Io l'ho anticipato e me la sono goduta e me la godrò finché potrò, se lui non ha capito come vanno le cose di questi tempi, non è certo un problema mio, solo peggio per lui. Ognuno fa il suo per salvarsi la pelle e ogni possibile felicità. Non ho nemmeno visto chi è, ho solo contato e lui è cinque, io uno. Questa è l'unica cosa importante: oggi tocca a lui mentre io sono fuori da questa schifosa conta degli adulti. Ma devo stare attento a non guardarlo, non devo riconoscerlo, non devo incrociare il suo sguardo. Lui è già su un'altra strada che nemmeno voglio sapere, io stasera andrò alla trattoria e poi da pelle calda. Un refolo di vento corre lungo il muro alle nostre spalle, la mia schiena si gela per un istante. Lui è accanto a me, sento che trema, non ci tocchiamo ma lo sento, percepisco la sua paura come ho sentito l'odore prima della chiesa. Resisto, mi impegno, cerco di resistere, non voglio, non vorrei sapere chi è, non voglio guardarlo. Mi basta la sua paura per averne orrore. Lui è già morto e io ancora vivo. Avrà fatto come me? avrà contato? lo sa di essere cinque e io uno? o forse ha solo paura, perché già essere qui basta e avanza per averne.

Giro lo sguardo a destra, vedo una testa lontana, accanto a me non c'è nessuno. Nessuno? mi sono sbagliato, sono io il numero cinque allora. Allora crolla un'altra volta il mio castello, niente Adelaide, niente capelli neri, niente di niente, buio e basta. Ero uno e ora sono cinque, era una mattina felice e ora non è più niente; non vale, non può essere. Tutto sfuma tra un uno e un cinque; e divisa nera continua a contare, si avvicina ancora, sei uomini sono fuori dalla fila. Chino la testa, non dovevo farlo, lo vedo. Avrà forse undici anni, è Giorgio il figlio di Pietro, quello che lavora all'inscatolamento del pesce. Ma perché è uscito così presto stamattina? la scuola è chiusa, avrebbe dovuto rimanere a casa, non sono tempi per i bambini.

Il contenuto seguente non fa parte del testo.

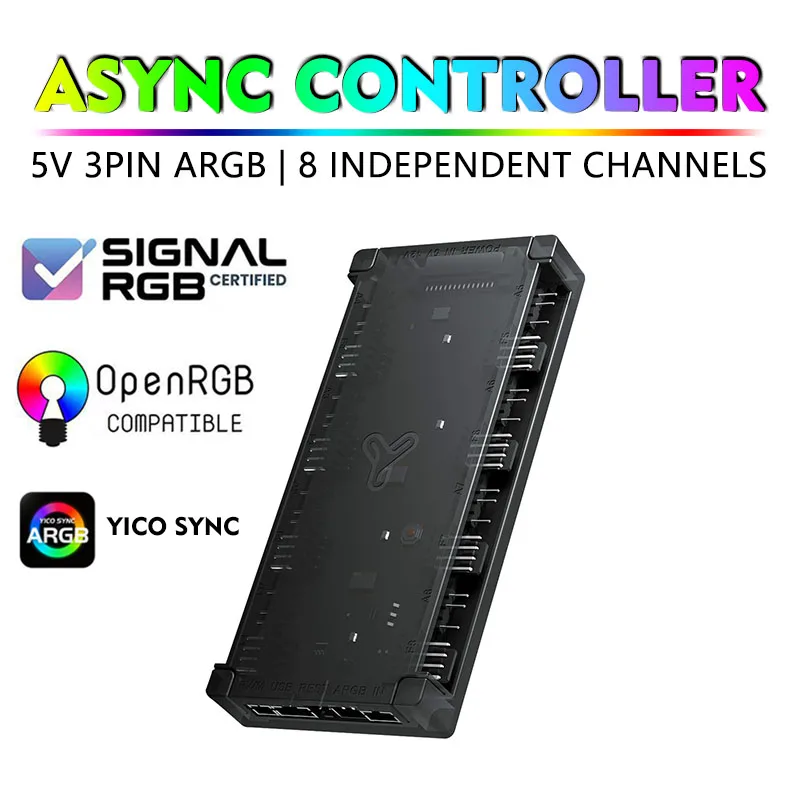 YICO ELITE SignalRGB OpenRGB Addressable 5V 3PIN ARGB Async Controller HUB For Gaming Computer PC Case Cooling Fans Light Strip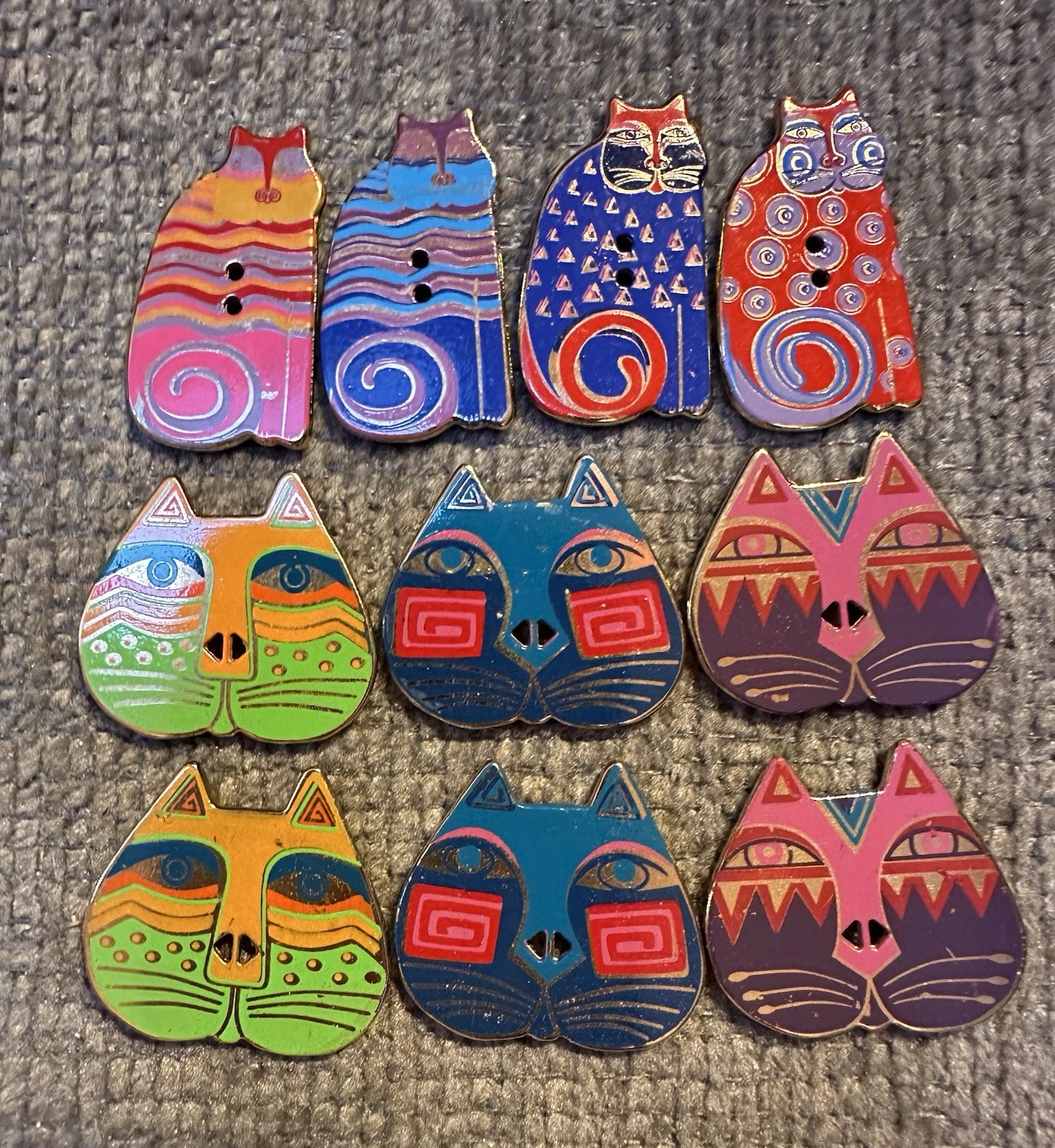 (10) Metal/Enamel Vintage Laurel Burch Buttons. NEW/NEVER USED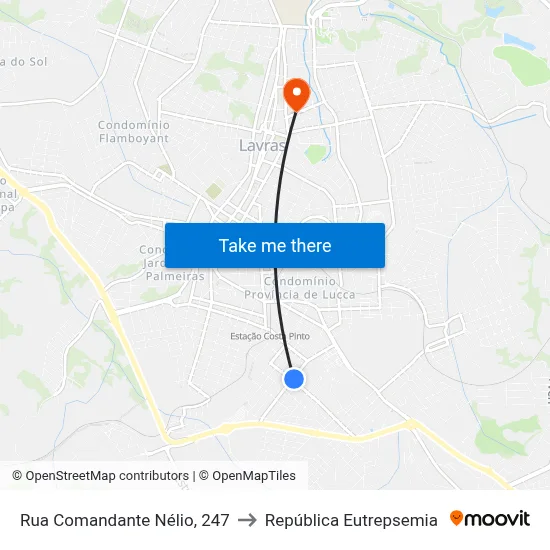 Rua Comandante Nélio, 247 to República Eutrepsemia map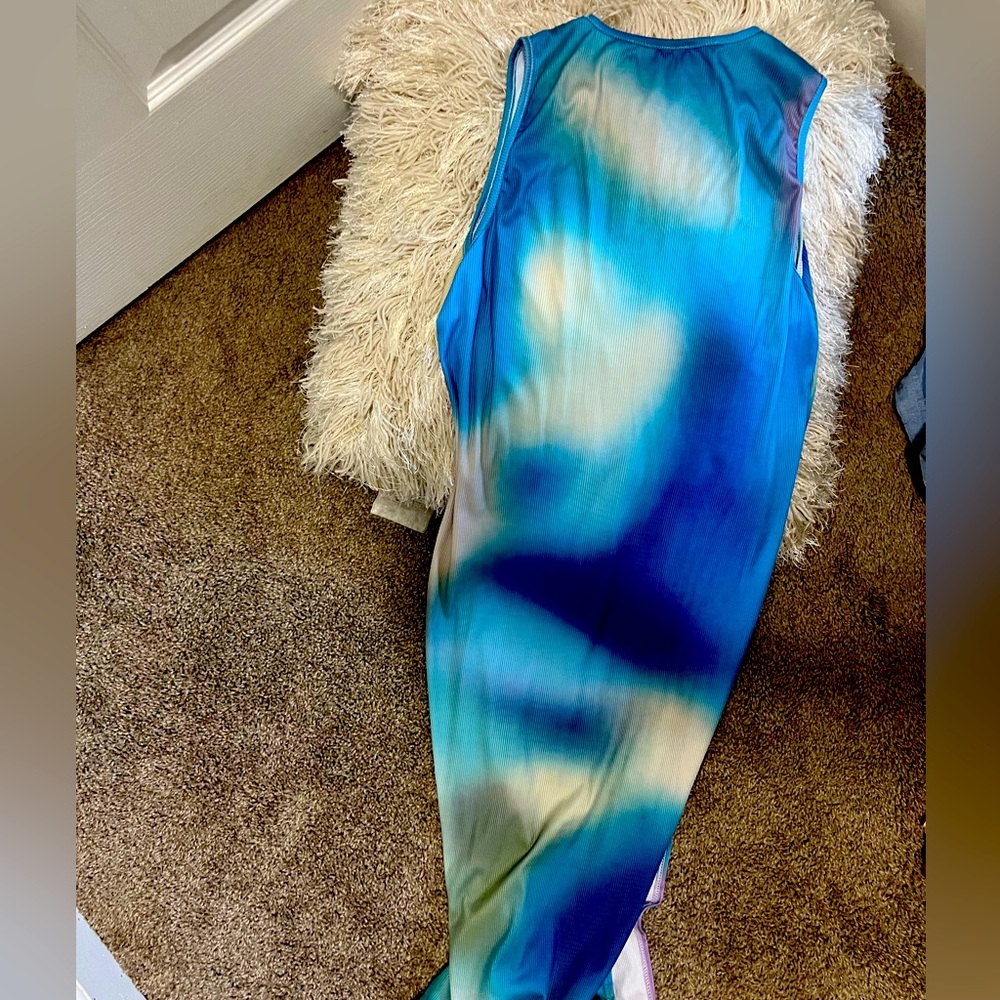 Long multicolored summer dress.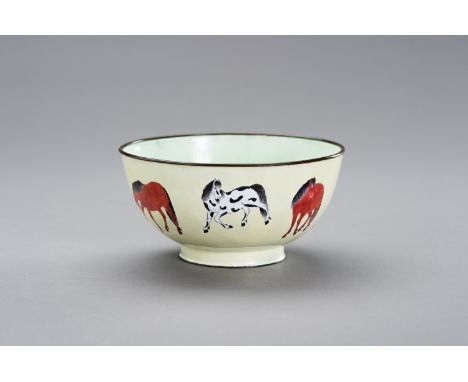 AN ENAMEL ON COPPER `WANG MU' BOWLChina, Republic period (1912-1949). The deep sided bowl rising from a ring foot. Finely ena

Loro contano per il pallone. Allora è lui l’ultimo cinque, io sono nuovamente uno; tutto torna come prima: Adelaide, capelli neri e il profumo dei glicini. La mattina meravigliosa, il cielo azzurro del Mediterraneo, le cicale appena fuori dal paese. Tutto al suo posto, anche io. Lui no, ma non ci posso fare nulla perché nelle conte non si può barare.

Lo sapevo che non dovevo girarmi, ora chi lo dirà a pelle bianca e profumata? La mia mano destra lo prende sulla spalla, lo tiro verso di me, al mio posto. Non dovrei farlo, perché nelle conte non si deve mai barare.